**Problem**
Copy the data that appears below exactly. Drop the pictures.

**Task material**
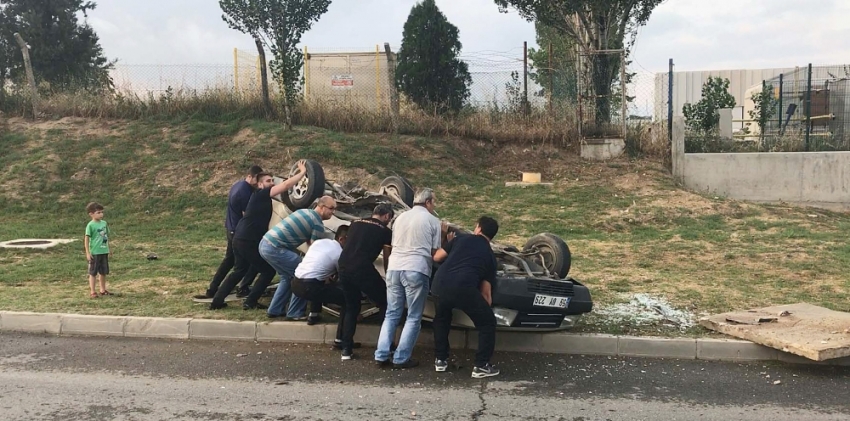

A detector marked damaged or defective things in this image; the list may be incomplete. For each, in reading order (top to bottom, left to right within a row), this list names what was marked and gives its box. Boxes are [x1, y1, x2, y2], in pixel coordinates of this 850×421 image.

exposed wheel [284, 158, 326, 209]
exposed wheel [380, 174, 414, 207]
overturned car [272, 159, 588, 330]
exposed wheel [516, 233, 568, 278]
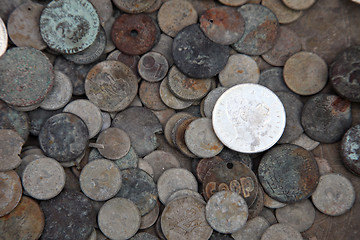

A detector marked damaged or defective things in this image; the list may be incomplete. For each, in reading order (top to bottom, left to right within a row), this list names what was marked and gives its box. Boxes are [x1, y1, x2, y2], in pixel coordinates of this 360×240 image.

ancient corroded coin [6, 1, 46, 50]
ancient corroded coin [0, 47, 54, 107]
ancient corroded coin [39, 0, 100, 54]
ancient corroded coin [85, 60, 139, 112]
ancient corroded coin [112, 13, 158, 55]
ancient corroded coin [157, 0, 197, 38]
ancient corroded coin [172, 23, 229, 78]
ancient corroded coin [200, 6, 245, 45]
ancient corroded coin [218, 54, 260, 87]
ancient corroded coin [232, 4, 280, 55]
ancient corroded coin [284, 51, 330, 95]
ancient corroded coin [39, 113, 88, 162]
ancient corroded coin [212, 83, 286, 153]
ancient corroded coin [300, 93, 352, 142]
ancient corroded coin [0, 171, 22, 218]
ancient corroded coin [0, 196, 44, 239]
ancient corroded coin [22, 158, 65, 201]
ancient corroded coin [80, 158, 122, 202]
ancient corroded coin [98, 198, 141, 239]
ancient corroded coin [161, 197, 214, 240]
ancient corroded coin [207, 191, 249, 234]
ancient corroded coin [258, 144, 320, 202]
ancient corroded coin [312, 172, 354, 216]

**Answer section**
A detector marked damaged or defective things in this image; the list may be incomplete. For each, in reading order (top to bottom, left to right within a row), this list names what was marked and gives its box. Boxes are [x1, y1, x2, y2], in pixel coordinates of this 850×421 image.

exposed wheel [284, 158, 326, 209]
exposed wheel [380, 174, 414, 207]
overturned car [272, 159, 588, 330]
exposed wheel [516, 233, 568, 278]

A detector marked damaged or defective things in this image; the list may be incomplete. For each, in reading order (top to bottom, left to right within a row), this list names what was marked and gives its box. Boxes are [x1, y1, x2, y2], in pixel coordinates of this 360×240 image.

ancient corroded coin [6, 1, 46, 50]
ancient corroded coin [0, 47, 54, 107]
ancient corroded coin [39, 0, 100, 54]
ancient corroded coin [85, 60, 139, 112]
ancient corroded coin [112, 13, 158, 55]
ancient corroded coin [157, 0, 197, 38]
ancient corroded coin [172, 23, 229, 78]
ancient corroded coin [200, 6, 245, 45]
ancient corroded coin [218, 54, 260, 87]
ancient corroded coin [232, 4, 280, 55]
ancient corroded coin [284, 51, 330, 95]
ancient corroded coin [39, 113, 88, 162]
ancient corroded coin [212, 83, 286, 153]
ancient corroded coin [300, 93, 352, 142]
ancient corroded coin [0, 171, 22, 218]
ancient corroded coin [0, 196, 44, 239]
ancient corroded coin [22, 158, 65, 201]
ancient corroded coin [80, 158, 122, 202]
ancient corroded coin [98, 198, 141, 239]
ancient corroded coin [161, 197, 214, 240]
ancient corroded coin [207, 191, 249, 234]
ancient corroded coin [258, 144, 320, 202]
ancient corroded coin [312, 172, 354, 216]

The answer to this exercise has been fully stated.